15 Temmuz 2021 Perşembe

YALDIZLI İMGELERE / TOPLARA TÜFEKLERE / KRALLARIN TACINA / YAZARIM ADINI

"Çantasını boşaltıp için beni yerleştirdiğinde korkudan avazım çıktığı kadar bağırıyor, kafamı bi şekilde çantasından çıkarmaya çalışıyordum. En sonunda durduğumuzda, sokakta geçen kısa zamanımdan anımsadığım ama bi türlü net şekilde çıkaramadığım farklı bi kaç koku algıladığım bir yere girdik.

Sabah gördüğümde bu yavru kediyi çok etkilenmiştim. Dün gece kapının önünde ağzını kulaklarına kadar açarak miyavlayan yaramazdı bu. Çok güzel görünüyordu. Kahvaltı için alacaklarımı düşünerek arabaya yürüdüm.
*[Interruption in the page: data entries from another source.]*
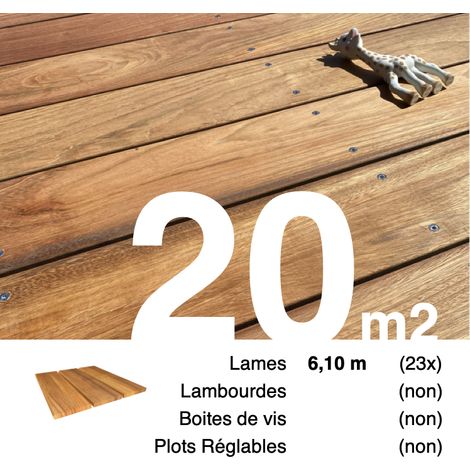 Planches de terrasse bois exotique JATOBA pour 20 m² • Longueur 6,1 m • Livraison gratuite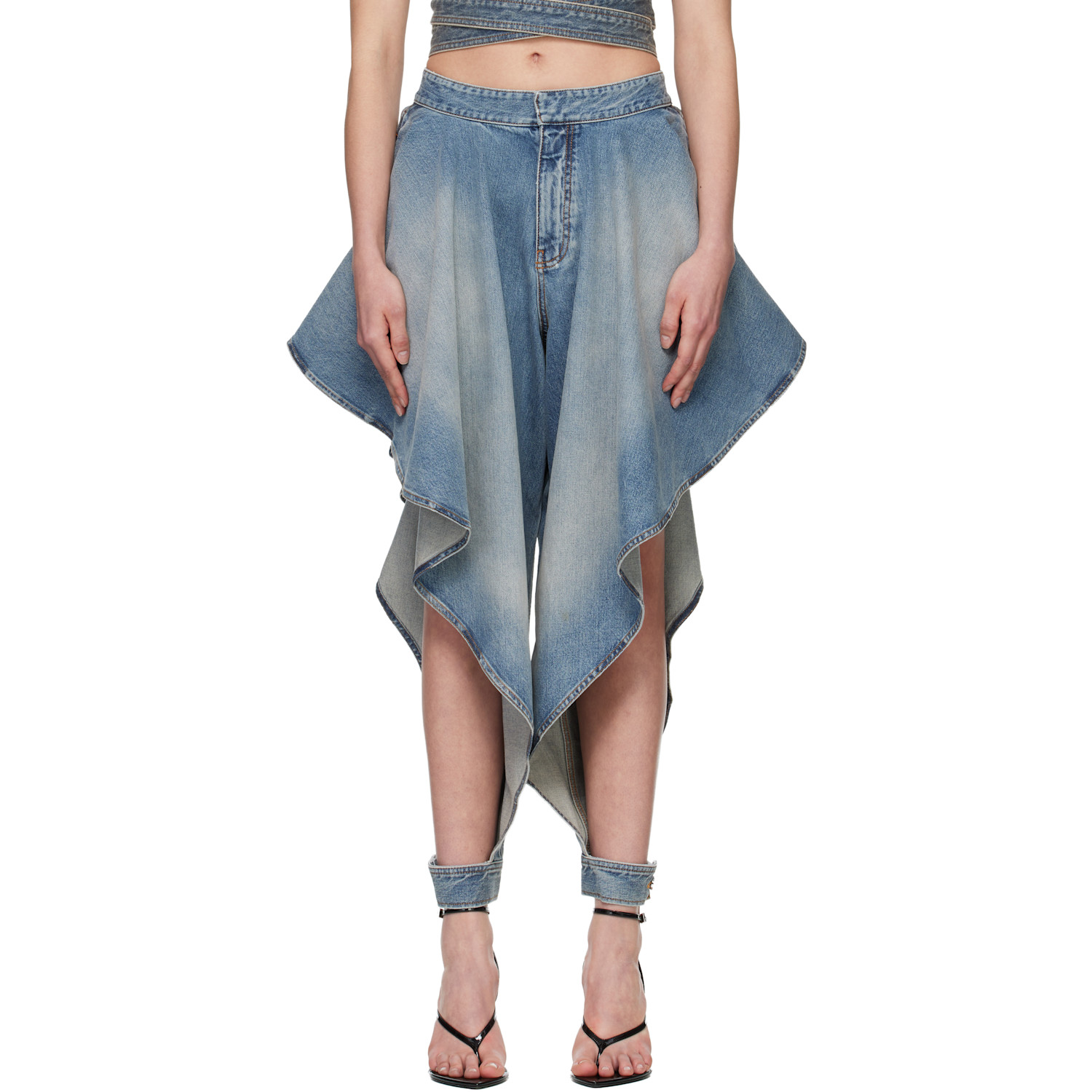 ALAÏA Blue Panelled Faded Jeans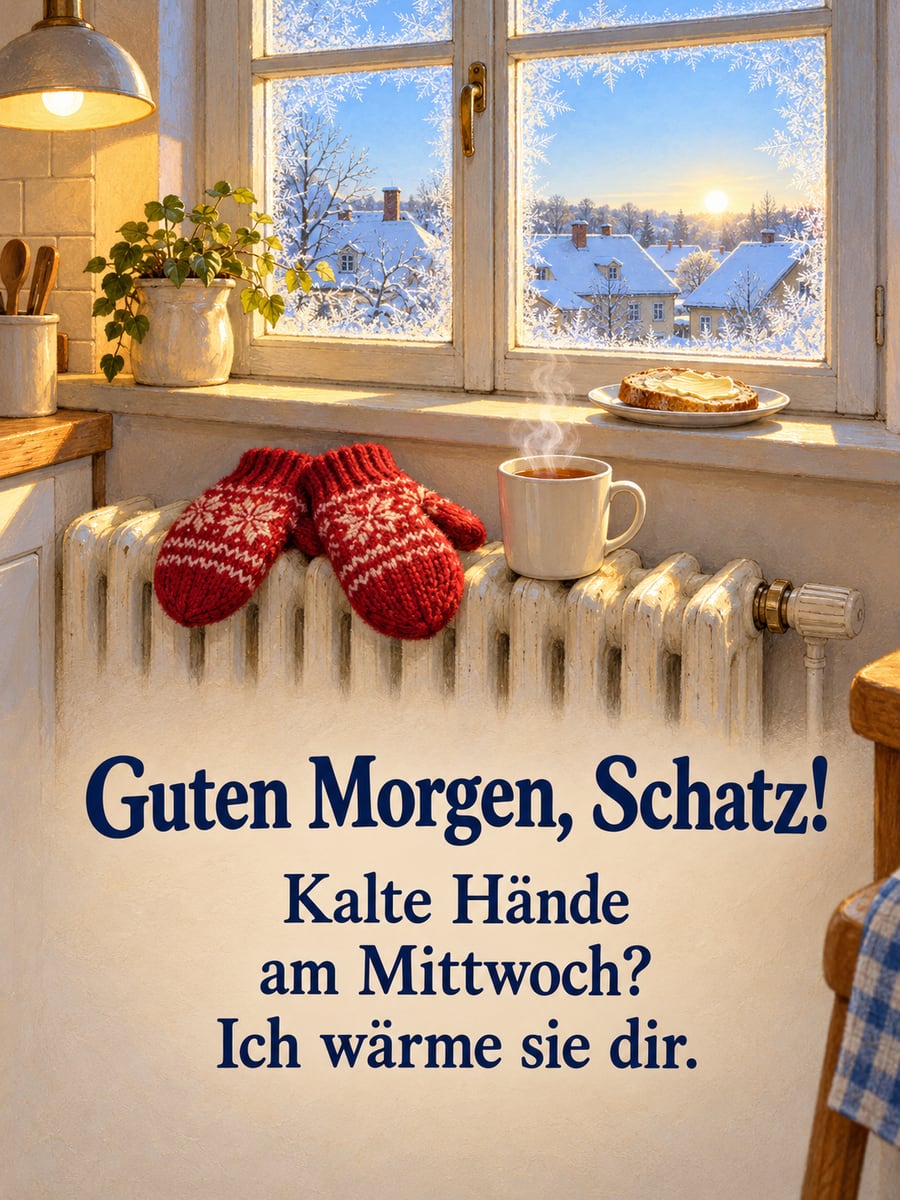 Guten-Morgen-Bild zum Mittwoch mit dem Text „Guten Morgen, Schatz!“ und „Kalte Hände am Mittwoch? Ich wärme sie dir.“ – Motiv: Fäustlinge, Heizkörper, Tee, Küche, Winter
Döndüğümde ağaçların altında oynuyordu. Eve girdiğimde Eray’a göstermek istedim ama balkondan göremedik. Kahvaltı sonrası motorla çıkmak için aşağıya indiğimizde işte oradaydı. Atlaya zıplaya bacağımda oynamasından etkilenmiştim. Uzun süredir eve bi köpek almak istiyorduk, kedinin bakımı daha mı rahat olurdu? Ama Eray kedi sevmez! Yavru kediyi uzaklaştırıp motora binmeye çalışırken aksadığını fark ettim. Arka patilerinde sorun vardı. Eray’a seslendim: ‘Ayağı mı yaralı?’
Evden göremediğim yavruyu aşağıya indiğimizde gördüm, daha doğrusu o bizi gördü. Altus bacaklarında dolanıyor dizlerine atlayıp zıplıyordu. Çok şirindi, ama kedileri hem sevmiyordum hem de bi tık itici geliyorlardı bana. Motora binmeye hazırlanırken Altus’un ‘Ayağı mı yaralı?’ soruyla onlara döndüm. Evet aksıyordu. Çantamı boşaltıp içine yavruyu koyduk ve üçümüz motorun üzerinde veterinerin yolunu tuttuk. Altus’un iki tekerli tutkusunda ilk kez üç kişiydik."

Anlamak her daim güç olmalı... Her beyin her yürek her yaşam için... Özgürlükleri ihlal etmek! Var edileni hoyratça yok etmek! Baktığında hayran kalınan güzellikleri yakıp yıkmak, çalıp çırpmak ve kuvvet kullanarak sahip olmak. Düşündükçe algılamanın giderek daha da zorlaştığı bir eylemin içinde ben de yok oluyorum. Yok oluyorum ama algılayamıyorum. Yok oluyorum.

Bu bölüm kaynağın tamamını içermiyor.